Clay was introduced to the game by his father, Mike, when he was 6, and by 9, he decided golf was his calling.
“I just wanted to spend time with my dad and that’s where the passion came from,” Clay said. “Coming out here and playing practice rounds with him and talking about shots and different ways to go around a golf course. He’s really experienced in that, so it’s great.”
Mike and Tenna Merchent own Purgatory Golf Club in Noblesville, Ind., a great training spot for an aspiring young golfer. All that practice helped Clay qualify for the 2017 Drive, Chip & Putt National Finals at Augusta National Golf Club. Merchent tied for fifth but won the driving portion of the boys’ 14-15 division with a 304.7-yard bomb.
“Just the opportunity to be there was very cool,” he said. “It honestly wasn’t about winning. It really was the only event I’ve ever been a part of where I was just okay being there.”

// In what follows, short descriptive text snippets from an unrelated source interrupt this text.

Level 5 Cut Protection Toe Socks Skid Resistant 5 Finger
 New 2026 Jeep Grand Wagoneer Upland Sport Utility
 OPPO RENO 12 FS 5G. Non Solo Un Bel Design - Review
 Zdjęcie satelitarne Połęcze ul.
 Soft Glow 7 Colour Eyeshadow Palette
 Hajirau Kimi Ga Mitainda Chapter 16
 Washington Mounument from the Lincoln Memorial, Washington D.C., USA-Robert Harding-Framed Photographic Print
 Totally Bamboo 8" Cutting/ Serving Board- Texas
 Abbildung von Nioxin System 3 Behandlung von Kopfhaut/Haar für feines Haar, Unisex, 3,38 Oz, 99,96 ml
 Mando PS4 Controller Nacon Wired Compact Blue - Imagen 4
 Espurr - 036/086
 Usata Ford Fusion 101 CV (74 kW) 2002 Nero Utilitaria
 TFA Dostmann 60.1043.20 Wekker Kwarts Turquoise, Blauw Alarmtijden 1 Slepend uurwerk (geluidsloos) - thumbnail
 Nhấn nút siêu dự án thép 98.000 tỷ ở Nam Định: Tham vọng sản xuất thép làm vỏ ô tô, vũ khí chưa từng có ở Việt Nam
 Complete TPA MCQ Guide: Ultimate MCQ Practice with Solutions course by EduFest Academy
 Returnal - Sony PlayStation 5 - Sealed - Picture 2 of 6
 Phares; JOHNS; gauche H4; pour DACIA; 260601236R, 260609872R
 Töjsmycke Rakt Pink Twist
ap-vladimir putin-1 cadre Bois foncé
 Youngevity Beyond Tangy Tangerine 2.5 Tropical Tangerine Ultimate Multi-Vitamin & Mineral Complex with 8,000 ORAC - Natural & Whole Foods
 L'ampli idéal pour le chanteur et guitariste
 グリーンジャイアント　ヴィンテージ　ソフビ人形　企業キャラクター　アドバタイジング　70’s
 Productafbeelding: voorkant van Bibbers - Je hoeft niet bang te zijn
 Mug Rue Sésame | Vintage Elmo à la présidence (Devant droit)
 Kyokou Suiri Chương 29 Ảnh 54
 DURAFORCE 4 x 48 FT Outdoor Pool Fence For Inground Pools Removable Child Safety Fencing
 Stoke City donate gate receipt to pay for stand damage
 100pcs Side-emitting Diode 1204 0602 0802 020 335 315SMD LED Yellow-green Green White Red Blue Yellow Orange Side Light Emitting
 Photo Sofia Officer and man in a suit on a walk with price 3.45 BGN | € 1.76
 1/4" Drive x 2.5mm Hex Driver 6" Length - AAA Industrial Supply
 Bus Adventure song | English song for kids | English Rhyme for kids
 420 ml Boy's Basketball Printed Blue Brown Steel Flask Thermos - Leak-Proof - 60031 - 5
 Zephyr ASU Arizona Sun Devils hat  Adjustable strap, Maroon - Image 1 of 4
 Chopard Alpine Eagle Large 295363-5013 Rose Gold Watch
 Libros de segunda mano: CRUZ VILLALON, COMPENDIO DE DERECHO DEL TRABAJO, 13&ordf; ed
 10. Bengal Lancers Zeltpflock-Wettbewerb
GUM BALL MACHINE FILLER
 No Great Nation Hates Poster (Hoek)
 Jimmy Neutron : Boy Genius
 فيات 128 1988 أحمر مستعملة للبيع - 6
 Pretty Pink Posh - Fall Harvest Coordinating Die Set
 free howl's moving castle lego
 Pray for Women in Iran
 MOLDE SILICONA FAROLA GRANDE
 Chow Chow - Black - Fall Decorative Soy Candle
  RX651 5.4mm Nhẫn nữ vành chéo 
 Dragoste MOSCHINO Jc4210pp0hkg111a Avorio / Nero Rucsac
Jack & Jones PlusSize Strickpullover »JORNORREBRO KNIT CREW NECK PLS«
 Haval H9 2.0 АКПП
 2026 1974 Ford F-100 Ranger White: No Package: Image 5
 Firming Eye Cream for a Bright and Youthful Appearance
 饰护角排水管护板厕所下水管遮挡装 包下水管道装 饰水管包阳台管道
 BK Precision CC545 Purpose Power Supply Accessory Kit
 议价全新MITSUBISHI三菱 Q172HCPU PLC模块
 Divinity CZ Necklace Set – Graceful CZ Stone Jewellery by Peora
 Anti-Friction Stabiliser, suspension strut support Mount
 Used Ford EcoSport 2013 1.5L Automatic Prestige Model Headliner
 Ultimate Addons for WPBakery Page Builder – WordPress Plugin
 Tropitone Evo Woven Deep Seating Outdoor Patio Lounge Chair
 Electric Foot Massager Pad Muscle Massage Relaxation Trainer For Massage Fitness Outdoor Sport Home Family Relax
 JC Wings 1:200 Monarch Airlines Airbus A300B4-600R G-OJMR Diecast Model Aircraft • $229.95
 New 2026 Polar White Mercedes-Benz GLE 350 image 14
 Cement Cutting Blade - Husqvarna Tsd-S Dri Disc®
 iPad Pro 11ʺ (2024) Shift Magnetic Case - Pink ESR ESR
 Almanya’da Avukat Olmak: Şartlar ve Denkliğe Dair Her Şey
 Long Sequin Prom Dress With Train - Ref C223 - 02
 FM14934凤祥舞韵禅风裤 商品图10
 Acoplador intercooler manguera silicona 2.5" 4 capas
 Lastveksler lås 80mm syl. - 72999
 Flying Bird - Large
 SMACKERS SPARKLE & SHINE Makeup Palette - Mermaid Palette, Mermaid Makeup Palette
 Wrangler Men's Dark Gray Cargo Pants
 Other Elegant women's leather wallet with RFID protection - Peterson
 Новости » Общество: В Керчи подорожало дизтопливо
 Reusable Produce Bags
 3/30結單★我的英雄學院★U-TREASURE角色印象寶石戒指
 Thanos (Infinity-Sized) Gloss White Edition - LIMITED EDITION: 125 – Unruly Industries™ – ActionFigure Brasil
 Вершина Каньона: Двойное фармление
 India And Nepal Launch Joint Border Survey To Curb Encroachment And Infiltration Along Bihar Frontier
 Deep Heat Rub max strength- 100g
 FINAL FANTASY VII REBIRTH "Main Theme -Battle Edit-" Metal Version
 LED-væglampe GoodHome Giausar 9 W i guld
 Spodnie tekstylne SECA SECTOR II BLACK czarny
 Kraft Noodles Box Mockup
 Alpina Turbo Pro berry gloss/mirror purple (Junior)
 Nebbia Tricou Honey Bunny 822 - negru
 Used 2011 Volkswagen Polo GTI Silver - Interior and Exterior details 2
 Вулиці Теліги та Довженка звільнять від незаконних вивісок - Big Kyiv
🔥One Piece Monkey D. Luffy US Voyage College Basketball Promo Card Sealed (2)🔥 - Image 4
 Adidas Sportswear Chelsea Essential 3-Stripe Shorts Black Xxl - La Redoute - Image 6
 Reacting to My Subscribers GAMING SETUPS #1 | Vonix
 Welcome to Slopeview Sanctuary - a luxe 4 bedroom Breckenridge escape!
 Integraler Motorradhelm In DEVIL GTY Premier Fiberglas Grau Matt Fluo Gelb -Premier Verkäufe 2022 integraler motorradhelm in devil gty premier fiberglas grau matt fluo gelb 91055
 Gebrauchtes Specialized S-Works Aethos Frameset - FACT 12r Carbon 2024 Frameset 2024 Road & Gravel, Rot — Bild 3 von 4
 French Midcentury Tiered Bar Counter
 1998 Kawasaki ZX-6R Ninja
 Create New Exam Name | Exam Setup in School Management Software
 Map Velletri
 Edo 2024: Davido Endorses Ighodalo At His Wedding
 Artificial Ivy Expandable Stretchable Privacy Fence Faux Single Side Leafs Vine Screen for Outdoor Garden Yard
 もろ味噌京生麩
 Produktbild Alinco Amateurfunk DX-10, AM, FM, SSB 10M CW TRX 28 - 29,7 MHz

Participating in such a high-profile event was great preparation for playing in last year’s U.S. Amateur at The Riviera Country Club and this week’s Junior Amateur.
“You have to be able to perform under the gun,” Merchent said. “It was pressure packed. You only get three drives, so you have to make the most of it.”
DCP is a joint initiative founded by the Masters Tournament, USGA and The PGA of America with the goal of growing the game by focusing on fundamentals.
“It’s a good way to get more juniors into golf,” Merchent said. “Not everyone is attracted to playing a four-hour round of golf. If you can get a kid out there to hit three drives, three chips and three putts, it gets them into it and leads them to wanting to play more.”
Merchent, who has verbally committed to playing collegiate golf at the University of Florida after graduating high school next year, captured the 2017 AJGA Junior at Purgatory with a score of 14-under 202 – an achievement he lists as his favorite golf memory.
“Winning my first big event and hugging my dad after it. A lot of hours go into and to see it pay off like that, it’s why you do it.”